Helen Gardner: On "Burnt Norton"
The more familiar we become with Four Quartets, however, the more we realize that the analogy with music goes much deeper than a comparison of the sections with the movements of a quartet, or than an identification of the four elements as 'thematic material'. One is constantly reminded of music by the treatment of images, which recur with constant modifications, from their context, or from their combination with other recurring images, as a phrase recurs with modifications in music. These recurring images, like the basic symbols, are common, obvious and familiar, when we first meet them. As they recur they alter, as a phrase does when we hear it on a different instrument, or in another key, or when it is blended and combined with another phrase, or in some way turned round, or inverted. A simple example is the phrase 'a shaft of sunlight' at the close of 'Burnt Norton'. This image occurs in a rudimentary form in 'The Hollow Men', along with a moving tree and voices heard in the wind:
There, the eyes are
Sunlight on a broken column
There, is a tree swinging
And voices are
In the wind's singing
More distant and more solemn
Than a fading star.
At the close of 'Burnt Norton' a 'moment of happiness', defined in 'The Dry Salvages' as a 'sudden illumination' is made concrete by the image of a shaft of sunlight which transfigures the world:
Sudden in a shaft of sunlight
Even while the dust moves
There rises the hidden laughter
Of children in the foliage
Quick now, here, now, always --
Ridiculous the waste sad time
Stretching before and after.
This is the final concrete statement of what 'Burnt Norton' is about; but it recalls the experience we have been given in a different rhythm and with different descriptive accompaniments in the second half of the first movement, as the sun for a moment shines from the cloud, and the whole deserted garden seems to become alive:
Dry the pool, dry concrete, brown edged,
And the pool was filled with water out of sunlight,
And the lotos rose, quietly, quietly,
The surface glittered out of heart of light,
And they were behind us, reflected in the pool.

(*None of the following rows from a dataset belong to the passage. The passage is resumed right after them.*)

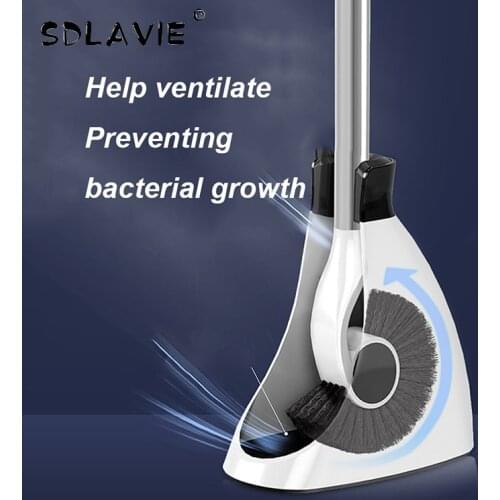 Товары для ванной SDLAVIE China At AliExpress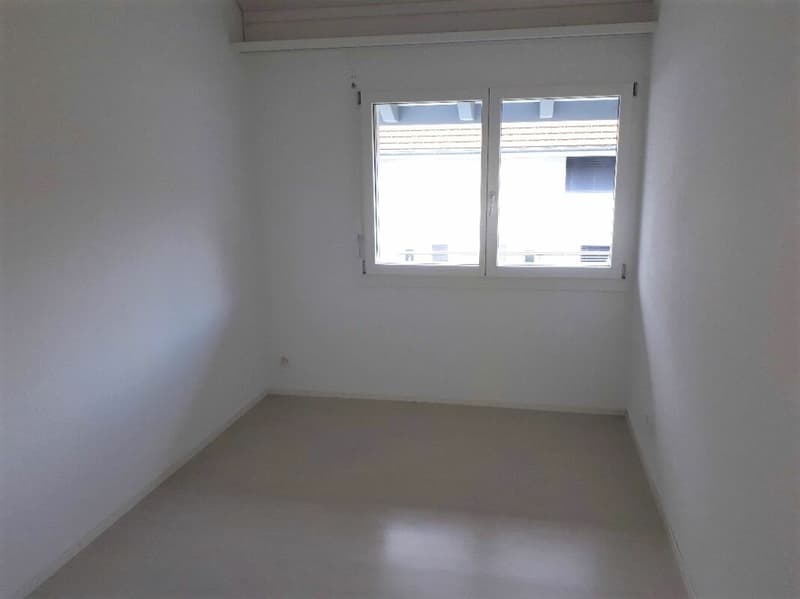Spacious semi-detached house adjacent to the agricultural zone (5)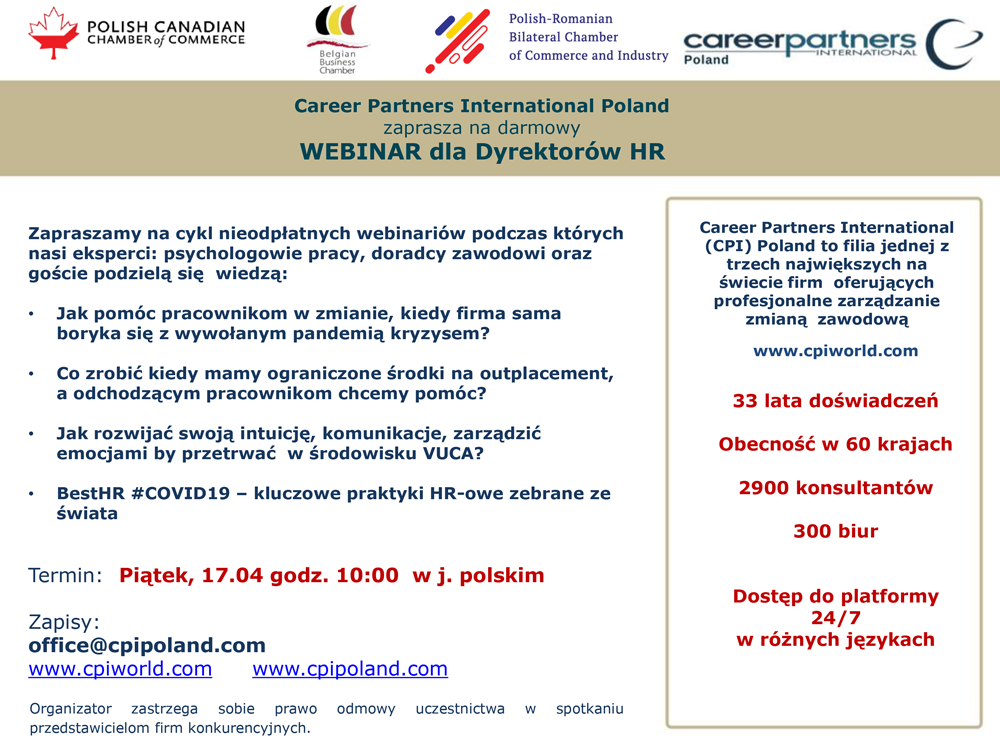 webinarium-besthr.png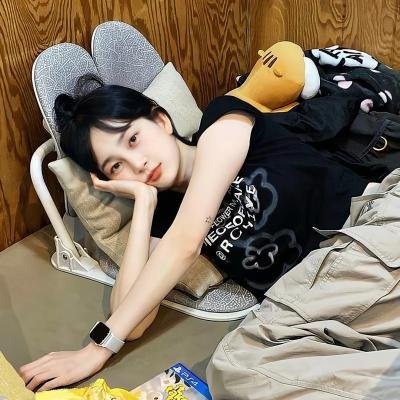 哈拉上路2：啤酒桌球赛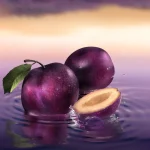 Ab-30845.webp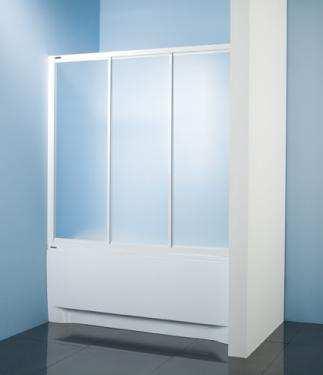 - -40% OUTLET ár: 45 000 Ft OUTLET ár: 45 000 Ft OUTLET ár: 30 000 Ft 6 FEROMIX FEROMIX HÜPPE CLASSICS HTR-1U PLEXI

Then a cloud passed, and the pool was empty.
The image repeated, but with such a difference, at the close establishes the validity of the first experience. Brief and illusory as it appears in the first movement, it has not been dismissed. It has remained in thought and it returns. Though
Time and the bell have buried the day,
The black cloud carries the sun away
when the 'sudden shaft' falls, it is time that seems the illusion.
From The Art of T.S. Eliot. Copyright © 1949 by The Cresset Press.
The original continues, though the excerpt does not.